Captioned web image data:
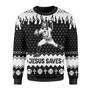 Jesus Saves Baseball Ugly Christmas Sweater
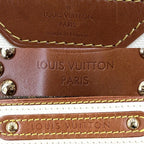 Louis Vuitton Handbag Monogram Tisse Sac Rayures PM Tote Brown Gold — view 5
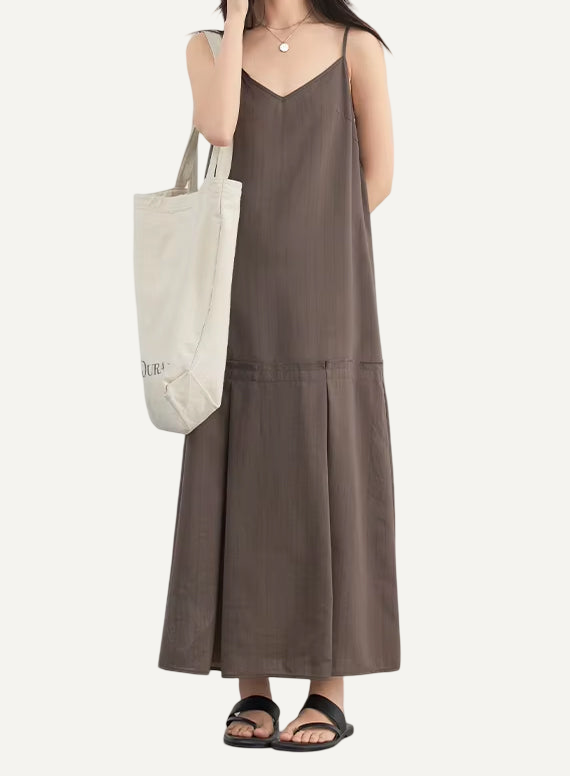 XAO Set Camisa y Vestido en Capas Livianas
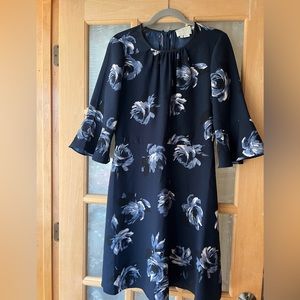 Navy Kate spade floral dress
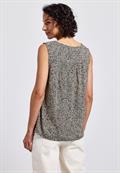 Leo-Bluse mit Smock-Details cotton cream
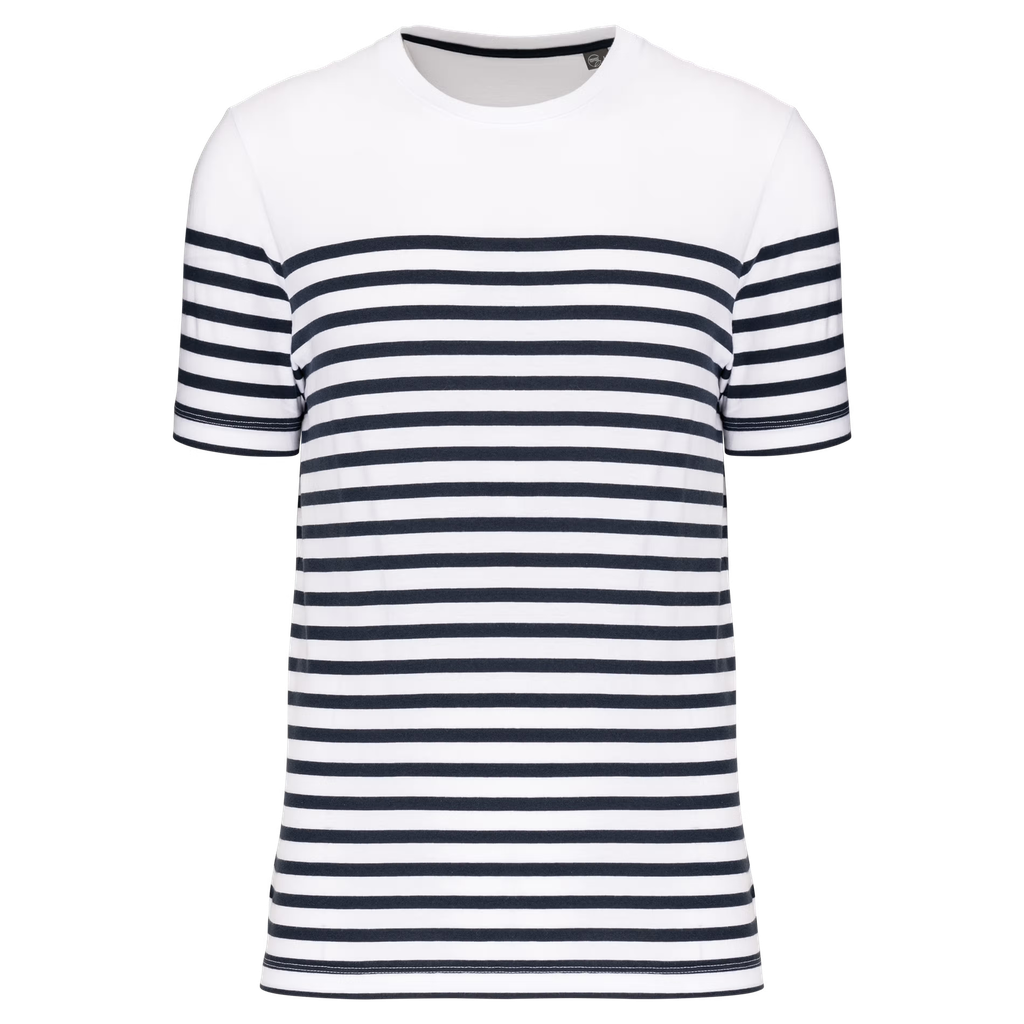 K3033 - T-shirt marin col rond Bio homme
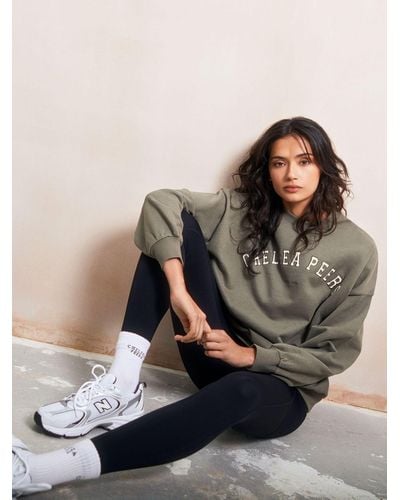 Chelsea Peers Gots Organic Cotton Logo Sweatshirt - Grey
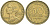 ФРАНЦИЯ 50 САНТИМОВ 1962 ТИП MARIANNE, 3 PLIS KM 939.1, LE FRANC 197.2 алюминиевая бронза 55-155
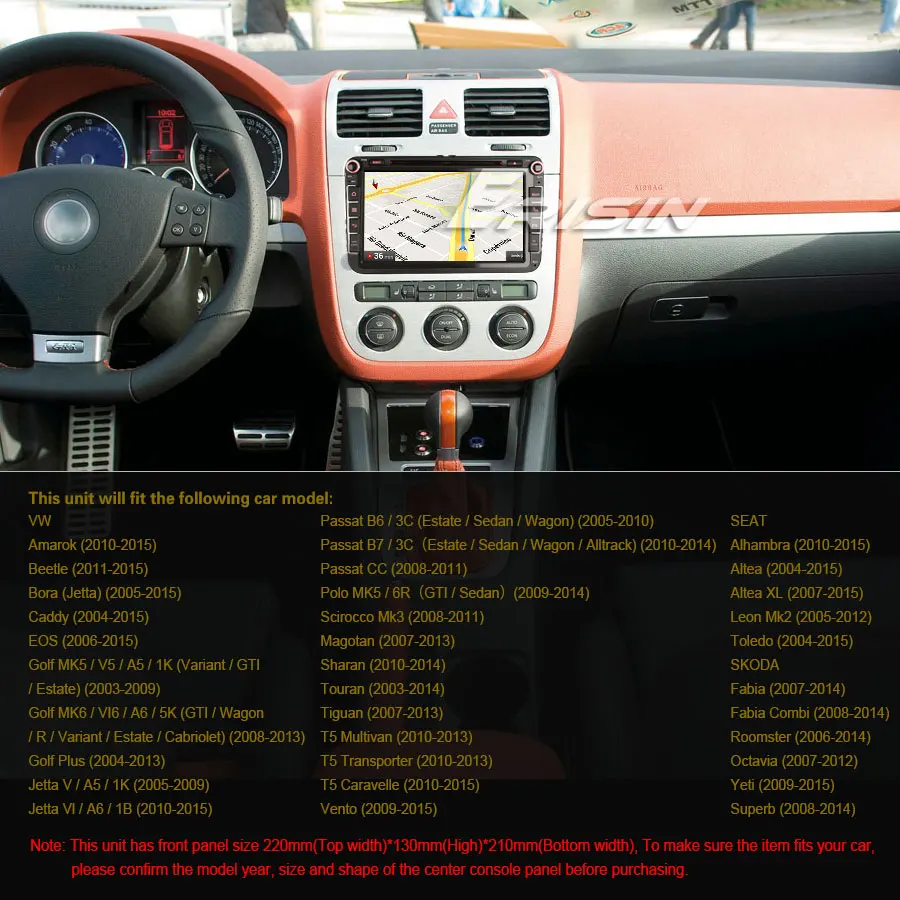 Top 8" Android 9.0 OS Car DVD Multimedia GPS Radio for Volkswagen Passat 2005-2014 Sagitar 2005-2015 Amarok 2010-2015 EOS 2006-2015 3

• [Requirement]: All the records above need to be given again word for word. Skip the pictures.

• [Completed exercise]:
 Jesus Saves Baseball Ugly Christmas Sweater
 Louis Vuitton Handbag Monogram Tisse Sac Rayures PM Tote Brown Gold — view 5
 XAO Set Camisa y Vestido en Capas Livianas
 Navy Kate spade floral dress
 Leo-Bluse mit Smock-Details cotton cream
 K3033 - T-shirt marin col rond Bio homme
 Chelsea Peers Gots Organic Cotton Logo Sweatshirt - Grey
 ФРАНЦИЯ 50 САНТИМОВ 1962 ТИП MARIANNE, 3 PLIS KM 939.1, LE FRANC 197.2 алюминиевая бронза 55-155
 Top 8" Android 9.0 OS Car DVD Multimedia GPS Radio for Volkswagen Passat 2005-2014 Sagitar 2005-2015 Amarok 2010-2015 EOS 2006-2015 3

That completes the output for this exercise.